Summary
Highlights
The session begins with an introduction to UCSF Family and Community Medicine Grand Rounds and housekeeping reminders. Dr. Maddie Deutsch and Dr. Sen Wynn are introduced as the speakers. Dr. Deutsch provides an overview of the UCSF Gender Affirming Health Program, its services, patient demographics, and team, highlighting its reach and the UCSF care guidelines.
Dr. Deutsch shares her personal journey from emergency medicine to founding a gender affirming health program, driven by a desire to address limited access to quality healthcare for the queer community. She emphasizes how her family medicine background prepared her for this comprehensive care.
The Williams Institute at UCLA provides key demographic data, estimating that 0.5% of the US adult population and 1.4% of youth identify as transgender. Dr. Deutsch explains that the perceived increase in trans youth is due to increased societal acceptance and language availability, not a 'trend.' She discusses the pervasive impact of discrimination, stigma, shame, and trauma on trans people's health, leading to issues like unstable housing, lack of legal protection, and behavioral health challenges.
Dr. Deutsch addresses the current political landscape, describing the rapid legislative changes targeting trans healthcare as political machinations. She provides resources like the Movement Advancement Project and the Federation of State Medical Boards for tracking these developments, emphasizing that trans people are often made scapegoats.
The importance of collecting Sexual Orientation and Gender Identity (SOGI) data is stressed, including gender identity, birth-assigned sex, chosen name, and pronouns. This dual-step approach helps accurate data collection for population health and research. Dr. Deutsch advocates for taking a sexual history from all patients and proposes an "onion model" for a patient-centered approach, highlighting that misgendering in medical records erodes trust.
Dr. Deutsch introduces the World Professional Association for Transgender Health (WPATH) and its comprehensive Standards of Care (SOC-8) guidelines. Regarding youth care, she clarifies that medical interventions (like pubertal suppression with GnRH analogs) only begin at Tanner stage two. Hormone therapy starts when developmentally appropriate (typically 13-16 years old), and surgery under 18 is rare, with chest surgery being the most common exception.
Preliminary data from a multi-center study shows improved appearance congruence, positive affect, and life satisfaction, along with reduced depression and anxiety, for youth receiving hormone therapy. A separate study indicates a significant reduction in suicidal ideation and severe psychological distress among young adults who received pubertal suppression. Dr. Deutsch discusses detransition, noting its rarity and that most reasons are external rather than changes in gender identity.
Concerns about bone density in trans youth are addressed, with data suggesting lower baseline bone density, possibly linked to reduced physical activity and vitamin D deficiency. This is presented as a challenge to understand and address, not a reason to withhold care. For trans elders, qualitative studies reveal fears of mistreatment, isolation, financial stressors, and lack of agency in healthcare, compounded by their trans identity.
Data from Medicare databases indicate increased rates of nearly every health issue in the trans population compared to cisgender individuals. Dr. Deutsch presents research on cervical cancer screening among transmasculine people, highlighting a significant disparity in high-risk HPV infection rates related to receptive penile-vaginal sex. This underscores the need for patient-centered screening, including alternative approaches like self-swabbing for HPV.

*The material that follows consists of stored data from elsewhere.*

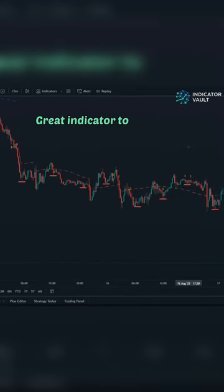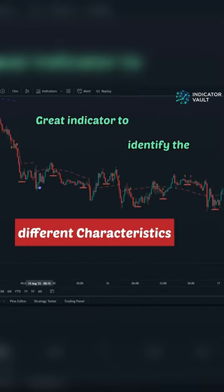Better trend trading indicator — a great indicator to identify the different characteristics of a trend.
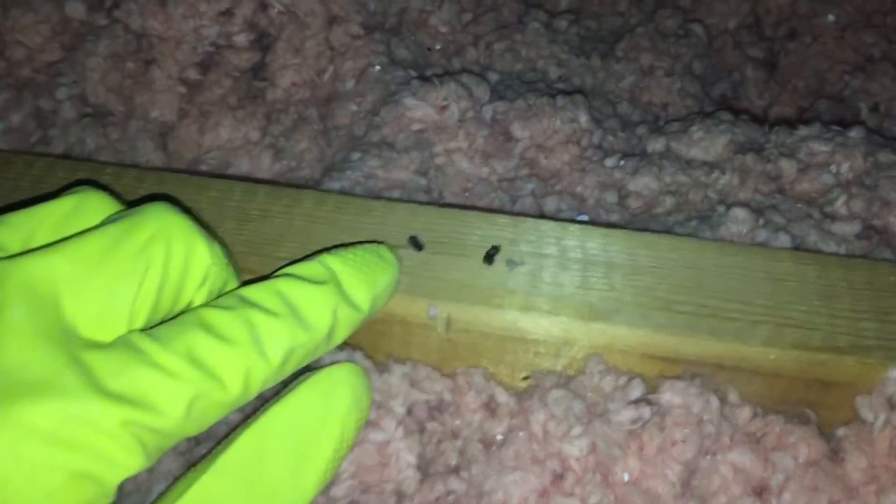Due to settling and the damage caused by the mice, this home's attic is now at approximately R24.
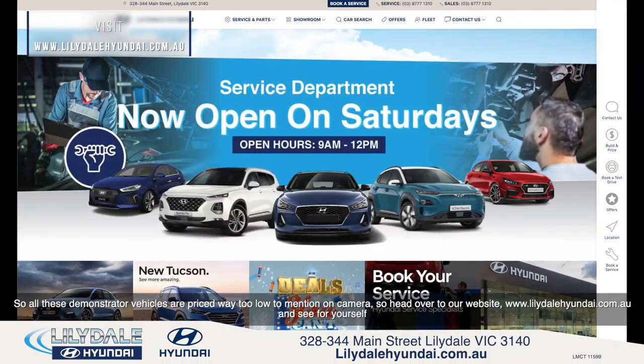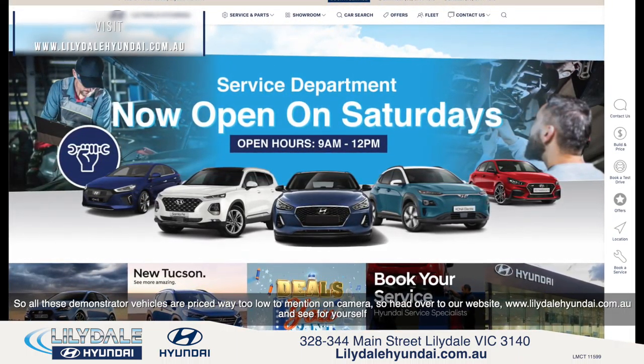All these demonstrator vehicles are priced way too low to mention on camera, so head over to our website www.lilydalehyundai.com.au and see for yourself.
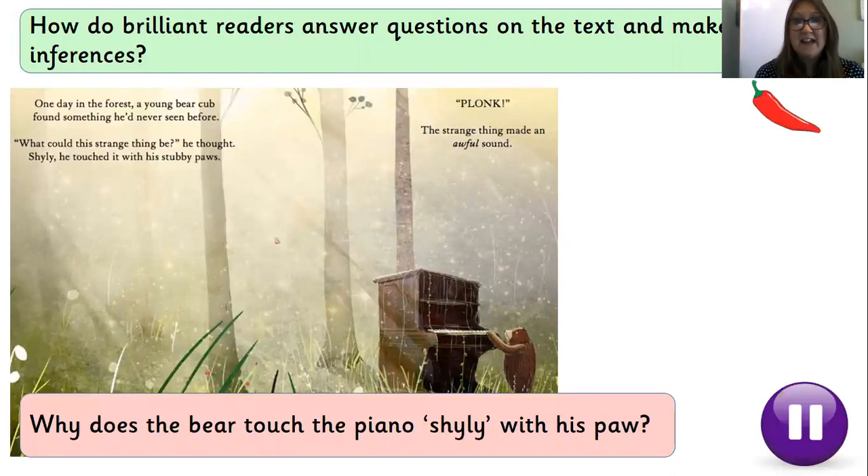We're going to have different challenges today. Our one chilli challenge is going to be discussing the answers to questions with me — we're going to work through those questions now. At the end of those questions I will leave up some more for you to answer in your book on your own — that's our two chilli challenge. Our three chilli challenge will be comparing this story to another story called The Singing Mermaid, which you may remember from our last lockdown in year one.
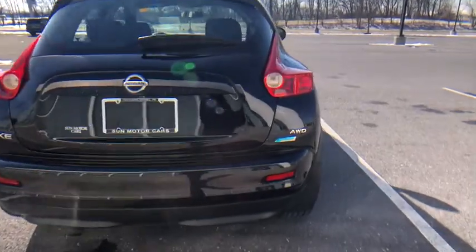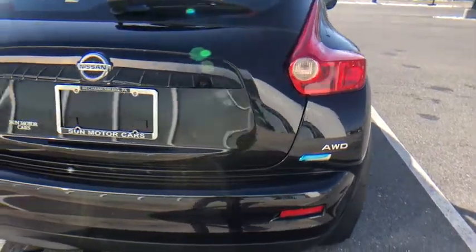This vehicle has less than 85,000 miles. Here are some of this vehicle's great options.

Hormone therapy is described as a straightforward, patient-oriented process. For binary transition, estrogen and androgen blockers are used to target female hormone ranges, or testosterone for male ranges. For sub-maximal effects, an individualized approach with careful monitoring is recommended. Regarding cardiovascular risks, while a slight increase in thromboembolic disease is noted for trans women, the number needed to harm is high, making hormone therapy generally safe from a cardiovascular perspective. No significant cardiovascular risks were found for trans men.